Le prime due parti, Il Mattino  e Il Mezzogiorno , apparvero a Milano nel 1763 e nel 1765. Esse riprendevano la polemica contro la società nobiliare già affrontata nel Dialogo sopra la nobiltà. Il contenuto di tutto il poema è comunque la narrazione, sapientemente sceneggiata, della vita che quotidianamente conduce un “giovin signore”, cioè un giovane aristocratico. Il racconto si snoda lungo tutti i particolari della giornata, mettendo in luce l’inutilità e la vanità di ogni momento. La critica è però sempre condotta non sul filo della polemica, bensì dell’ironia sottile e tagliente. Apparentemente sembrerebbe che Parini voglia fare la glorificazione del “giovin signore”, come di un illustre campione, in realtà opera il totale svuotamento del personaggio, illuminandone tutta l’inutilità e il vuoto morale.
Il Mattino inizia con il “risveglio” del giovin signore che è rincasato a notte alta dopo il ballo e si alza faticosamente quando il sole è già alto e da tempo gli uomini della campagna hanno iniziato il lavoro quotidiano.
Seguono la descrizione minuziosa della vestizione, delle conversazioni col maestro di ballo, di musica, di violino, di francese; la descrizione della lunga e laboriosa pettinatura, quindi l’uscita dal palazzo e la lunga e frenetica corsa in carrozza verso il palazzo della dama prediletta.
Nel Mezzogiorno l’ambiente muta  e i personaggi si moltiplicano intorno al protagonista. Siamo infatti alla tavola della dama e le conversazioni si intrecciano nei modi più stravaganti:arte, commercio, industria, scienze, ma tutto con molta fatuità. Si ha così un chiaro esempio di enciclopedismo salottiero, di cultura ridotta a futile mondanità.
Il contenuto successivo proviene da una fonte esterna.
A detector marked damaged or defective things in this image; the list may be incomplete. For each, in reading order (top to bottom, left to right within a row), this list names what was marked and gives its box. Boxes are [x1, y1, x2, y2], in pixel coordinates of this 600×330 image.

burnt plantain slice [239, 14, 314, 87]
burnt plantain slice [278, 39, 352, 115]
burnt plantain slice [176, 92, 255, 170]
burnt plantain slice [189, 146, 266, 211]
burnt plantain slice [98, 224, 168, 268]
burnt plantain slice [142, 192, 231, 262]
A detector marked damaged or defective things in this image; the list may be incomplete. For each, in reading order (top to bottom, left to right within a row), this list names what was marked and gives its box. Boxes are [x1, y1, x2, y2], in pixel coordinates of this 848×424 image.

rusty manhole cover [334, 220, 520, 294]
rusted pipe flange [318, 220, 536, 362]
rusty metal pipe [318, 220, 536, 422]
Tra tante chiacchiere e racconti, il più magistrale è certo quello della “vergine cuccia”: la dama narra come un suo servitore avesse osato, con un involontario calcio, far guaire la sua “divina cagnetta” e come per questo fosse stato giustamente punito con la espulsione dalla casa. Con questo frammento Parini aspramente ironizza sul totale capovolgimento di valori  presso la classe nobiliare: gli animali vengono adorati; gli uomini impietosamente cacciati.
Dopo il pranzo il caffé, mentre fuori dal palazzo s’ingrossa la turba degli infelici che attendono di che sfamarsi.
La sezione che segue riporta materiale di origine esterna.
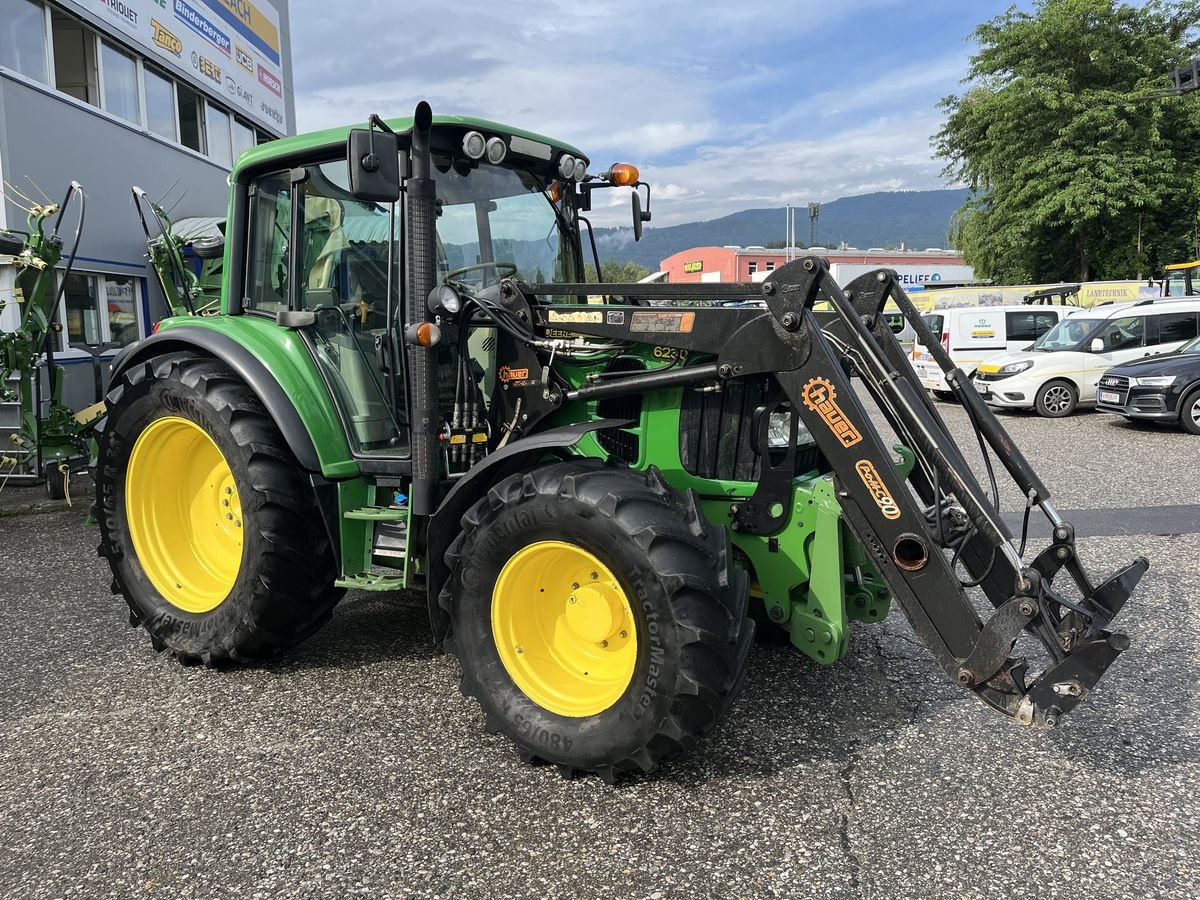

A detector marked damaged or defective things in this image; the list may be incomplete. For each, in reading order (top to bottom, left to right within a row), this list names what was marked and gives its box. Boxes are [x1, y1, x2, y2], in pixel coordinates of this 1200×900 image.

cracked asphalt [2, 403, 1200, 900]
Il quadro narrativo si chiude con il gioco del tric-trac.
nel Vespro , uscito postumo come la Notte , si assiste alla corsa della carrozza dei due amanti attraverso la città per le visite di dovere o di semplice curiosità agli amici e quindi alla grande sfilata nel corso dei cocchi. E’ una interessante mostra dei tipi più diversi: dal bellimbusto al nuovo titolato, dalle vecchie madri che esibiscono le figlie da marito, alle dame d’alta nobiltà. Ma la notte incalza e scendono le prime tinte scure che precedono la Notte con la sua lugubre intensità.
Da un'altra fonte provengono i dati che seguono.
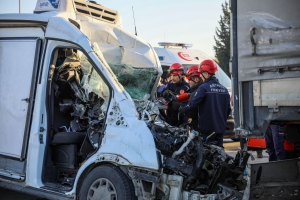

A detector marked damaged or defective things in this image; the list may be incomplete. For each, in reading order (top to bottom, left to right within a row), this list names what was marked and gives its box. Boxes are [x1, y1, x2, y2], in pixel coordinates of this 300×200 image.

shattered windshield [91, 43, 157, 100] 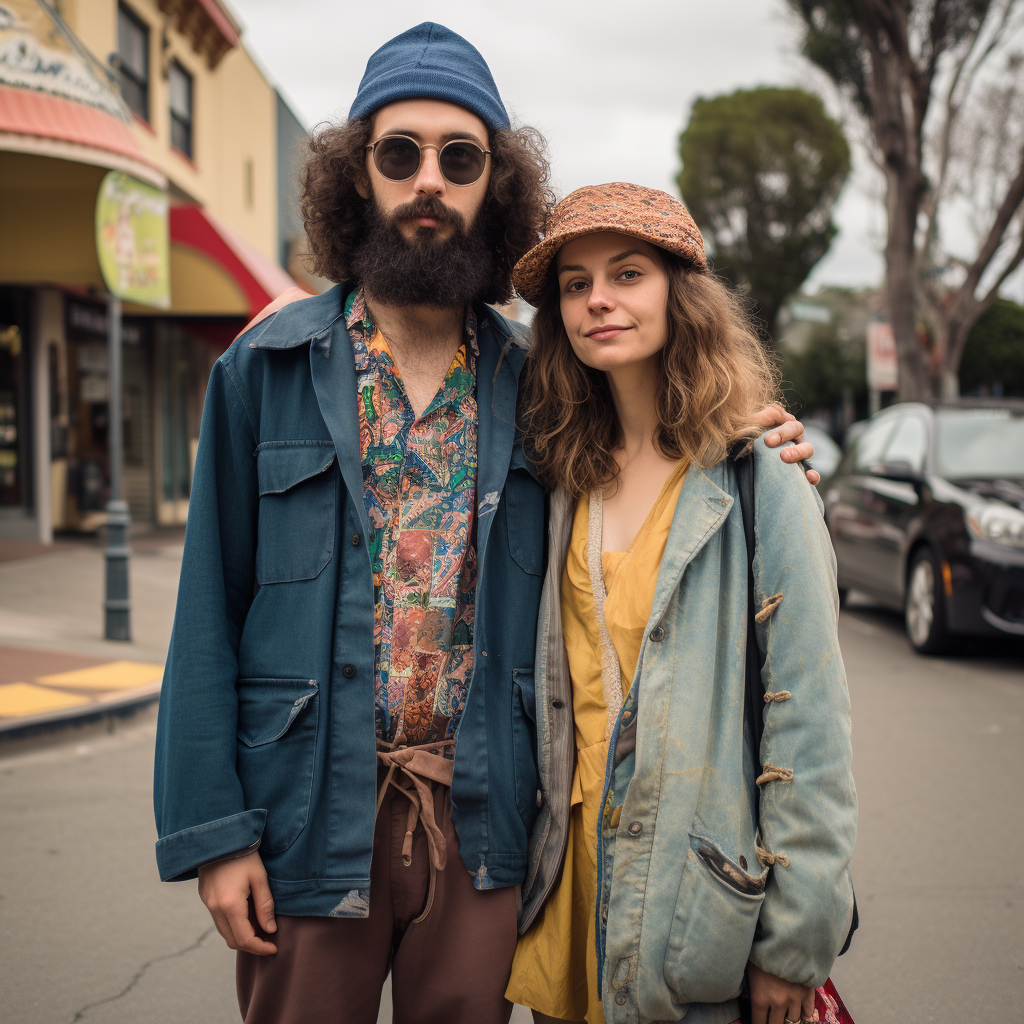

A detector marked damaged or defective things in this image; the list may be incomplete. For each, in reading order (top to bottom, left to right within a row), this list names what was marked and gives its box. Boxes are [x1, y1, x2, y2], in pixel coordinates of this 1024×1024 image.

street crack [68, 925, 216, 1019]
Nella Notte  subentra la descrizione del ridotto notturno e della folla che lo frequenta. La scena qui si fa grottesca. A notte alta compaiono le carte, la disposizione delle coppie, la varietà dei giocatori. La giornata si chiude con la vanità del gioco, come si era aperta con la vanità dell’imbelletamento. Sui giocatori disposti a cerchio circolano i gelati ristoratori, i caffè, le cioccolate. Tanti eroi disposti a cerchio splendono, nelle tenebre, della loro luce fatua. L’inutile rito della giornata della classe aristocratica così si conchiude.